Poetry: Brett Foster (1973-2015)
Our Funny Christmas Morning
Editor's note: This is the last in a series of Christmas poems that Brett Foster sent to me shortly before he died. The first poem in the sequence, "Vessel of Sweets," was posted on December 7; the second, "Seasonable," was posted on December 21.
Our Funny Christmas
"Pencils and underwear," I said to my twelve-year-old
after he had opened and considered the first two items
from his stocking. "You're off to a great start,"
I joked, and then added, "Really, you're living large."
The underwear were grey briefs, while the pencils
were emblazoned with Major League Baseball teams.
Later, he was midway through opening a package
and said, "Oh, that's not what I thought it was,"
and I said, "Wow, great time for buzz-kill, buddy."
And even later, nearly 11 a.m. by then, I opened
a small package that included a traveler's neck pillow
and cuticle scissors, which henceforth I offered
repeatedly as a means of opening subsequent presents,
even as our teenaged daughter, in what they call "real
time," texted photos of her gifts to a circle of friends.
Then we put a bow on the dog's head, which briefly
tormented him, and appreciated the midday sunlight,
a disappointingly non-white, or off-white, Christmas,
but we still took in the view of our grey-brown
backyard. We spoke well about what practical gifts
we were giving one another. Breaking the pattern,
but perhaps not in a good way, my wife received
a VHS tape, obtained where such things are sold,
or resold, of Cary Grant in The Great Adventure.
"What you have there," I said, trying to be helpful,
"is a rom-com from 1936." Finally, my wife and I
opened in unison two unwrapped packages, the last
of the heap that had been there, so appealing and inviting
the night before and earlier this morning as the sun
emerged, generously seasonal for at least one more day.
Now it was almost gone, one more Christmas past,
or nearly so, recessional, already in the rearview mirror
of this ever orbiting world. The final packages we opened
ironically, or so we hoped, because they represented
"gifts" she and I had recently ordered for ourselves,
and then, sensing we didn't need them immediately,
we decided to ditch them under the tree to ensure
at least one desirable object. Hers was a black bowl
in which you placed a white-glazed orb resembling
a small ostrich egg—an air humidifier, apparently.
Mine was a used copy of George W. McClure's
Sorrow and Consolation in Italian Humanism. Both "gifts,"
granted, were suitably weird.
As for the kids, they
enjoyed most of all the money they collected, arriving
from faraway aunts in starchy white envelopes.
A five-dollar bill had had its image pressed onto
the blank side of the card's innards, and my son
thought that was the coolest thing of the whole morning.
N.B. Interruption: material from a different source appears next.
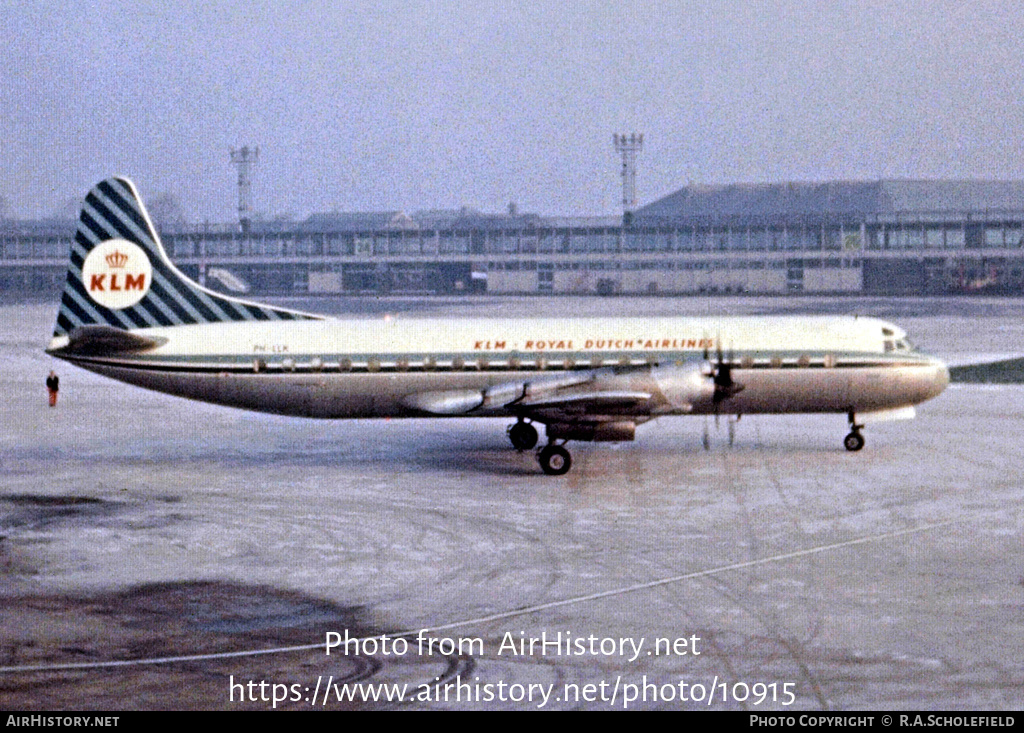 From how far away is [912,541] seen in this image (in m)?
25.6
For some reason my mother included in one
package my high-school yearbook photo, all slicked-
back hair and stiff navy jacket. What a riot, but why?
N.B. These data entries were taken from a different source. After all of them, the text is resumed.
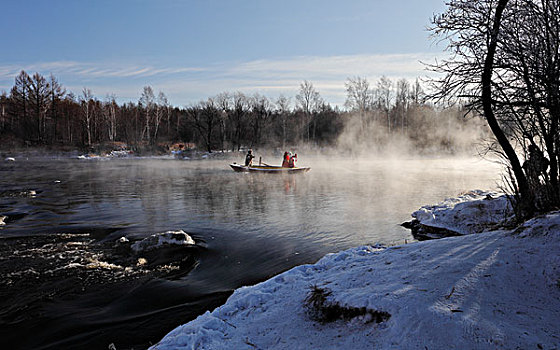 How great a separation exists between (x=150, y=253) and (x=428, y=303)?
718 centimetres

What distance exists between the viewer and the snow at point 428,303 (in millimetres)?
2779

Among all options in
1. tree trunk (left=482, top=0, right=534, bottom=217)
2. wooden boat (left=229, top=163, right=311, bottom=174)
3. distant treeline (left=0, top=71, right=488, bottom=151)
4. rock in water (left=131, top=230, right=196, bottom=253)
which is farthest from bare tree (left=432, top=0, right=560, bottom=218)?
distant treeline (left=0, top=71, right=488, bottom=151)

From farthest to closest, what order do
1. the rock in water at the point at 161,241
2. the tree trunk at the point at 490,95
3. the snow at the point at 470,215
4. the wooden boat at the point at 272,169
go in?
the wooden boat at the point at 272,169 < the snow at the point at 470,215 < the rock in water at the point at 161,241 < the tree trunk at the point at 490,95

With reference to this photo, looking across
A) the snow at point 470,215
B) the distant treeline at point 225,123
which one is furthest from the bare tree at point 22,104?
the snow at point 470,215

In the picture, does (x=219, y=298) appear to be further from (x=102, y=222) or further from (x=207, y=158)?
(x=207, y=158)

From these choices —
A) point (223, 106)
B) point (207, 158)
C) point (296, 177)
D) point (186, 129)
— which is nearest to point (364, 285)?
point (296, 177)

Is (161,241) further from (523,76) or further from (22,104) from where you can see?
(22,104)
I gave each of my children books that neither likely
will look at in the near future. But that's also ok.
Here's what I'm saying: I know it must sound horrendous,
all of these off-kilter details, behaviors, and possible abrasions,
but trust me, it wasn't, it wasn't at all. Far from sorrowful,
the morning was packed with laughter, so much of it,
plenteous, and feeling so fitting for this clearest of mornings,
and brightest, too, whether the sun would actually shine
upon Chicago or not, and no matter how much life's
events overshadowed us. Our hearts were clear then,
and lightened, unwrapped, opened to one another.
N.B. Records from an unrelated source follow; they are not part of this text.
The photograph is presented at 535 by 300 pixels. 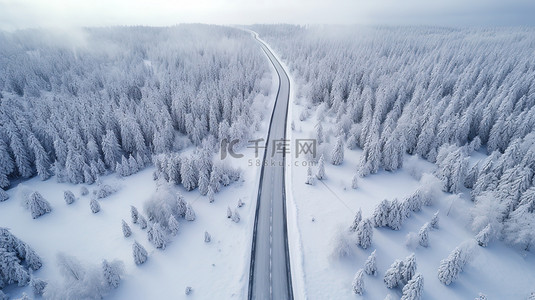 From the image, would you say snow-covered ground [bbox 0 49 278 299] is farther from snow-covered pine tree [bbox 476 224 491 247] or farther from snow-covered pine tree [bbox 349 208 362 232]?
snow-covered pine tree [bbox 476 224 491 247]

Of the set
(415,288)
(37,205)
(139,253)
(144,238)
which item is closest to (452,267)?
(415,288)

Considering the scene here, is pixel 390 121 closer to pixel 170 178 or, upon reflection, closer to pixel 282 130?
pixel 282 130

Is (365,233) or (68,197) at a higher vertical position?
(365,233)

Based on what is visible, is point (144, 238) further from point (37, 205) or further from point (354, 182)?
point (354, 182)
It was as if we ourselves were the best gifts we gave.
Overall, we have so little time together, you know? And so,
as a final present, it seemed more than appropriate
to pick up the cardboard cylinder from some used-up
wrapping paper and declare it a fancy "beat stick,"
which I used, gently and comically, to tap on family
members. Now, I know that's especially not funny,
I realize that, but this is how we spent our particular
Christmas morning. Maybe your morning was different,
and that's fine. More dignified, formal, and ritualized
in numerous respects, and that's fine and good, too.
For all of us, that morning, everything was just fine.